Cash deposits with banks are held in financial institutions in Malaysia, which are federally insured with deposit protection up to MYR250,000 (approximately $55,774). Accordingly, the Company has a concentration of credit risk related to the uninsured part of bank deposits. The Company has not experienced any losses in such accounts and believes it is not exposed to significant credit risk.

 

The Company depends on few supplier for its products. Accordingly, the Company has a concentration risk related to these suppliers. Failure to maintain existing relationships with the suppliers or to establish new relationships in the future could negatively affect the Company’s ability to obtain products sold to customers in a timely manner. If the Company is unable to obtain ample supply of products from existing suppliers or alternative sources of supply, the Company may be unable to satisfy the orders from its customers, which could materially and adversely affect revenues.

  

Contingent Liability

 

A former employee of the Company represents that the Company owes back compensation for services he believes he rendered to the Company and expenses he paid on behalf of the Company. The Company believes all balances owed to him have been settled in prior periods. The Company asserts that a claim has not been filed against the Company for potential damages; accordingly, the Company is unable to reasonably estimate a potential loss or liability in excess of the amount accrued in this matter including related professional fees.
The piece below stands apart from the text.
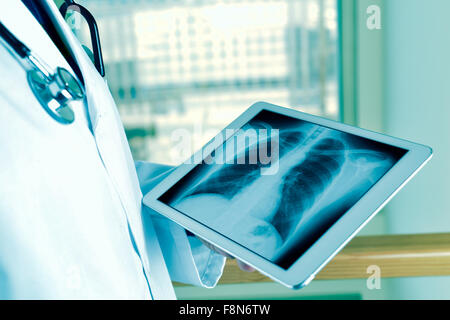 Libre d'un jeune homme portrait l'observation d'une radiographie thoracique dans un ordinateur tablette Banque D'Images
In the event that a claim is filed against the Company, the Company will provide further disclosure.

 

9. TERM LOAN

 

On December 23, 2014, MYR2,300,000 (approximately $657,507) term loan was granted to the Company for the purchase of a four-story office with a repayment period of 240 months.

 

The term loan was secured by the title deed for the said property and guaranteed by directors of the Company. The term loan is subject to an interest charges at 2.10% per annum below the Bank’s Base Lending Rate (“BLR”) with daily rests. The BLR is currently at 6.85% for December 31, 2016.

 

On July 27, 2015, the Company made a drawdown of MYR2,300,000 (approx. $609,554) on the term loan. The repayment started effectively on September 1, 2015 with a fixed installment of MYR14,863.14 (approx. $3,582) for 240 installments.

 

Interest expenses were $25,323 and $12,086 for the years ended December 31, 2016 and 2015, respectively.

  

10. PROVISION FOR TAXES

 

United States

 

Umatrin Holding Ltd (“UMHL”) is established in the State of Delaware in United States and is subject to Delaware State and US Federal tax laws. UMHL has not recognized an income tax benefit for its operating losses based on uncertainties concerning its ability to generate taxable income in future periods. The tax benefit for the periods presented is offset by a valuation allowance established against deferred tax assets arising from the net operating losses and other temporary differences, the realization of which could not be considered more likely than not. Further, the benefit from utilization of NOL carry forwards could be subject to limitations due to material ownership changes that could occur in the Company as it continues to raise additional capital. Based on such limitations, the Company has significant NOLs for which realization of tax benefits is uncertain. In future periods, tax benefits and related deferred tax assets will be recognized when management considers realization of such amounts to be more likely than not.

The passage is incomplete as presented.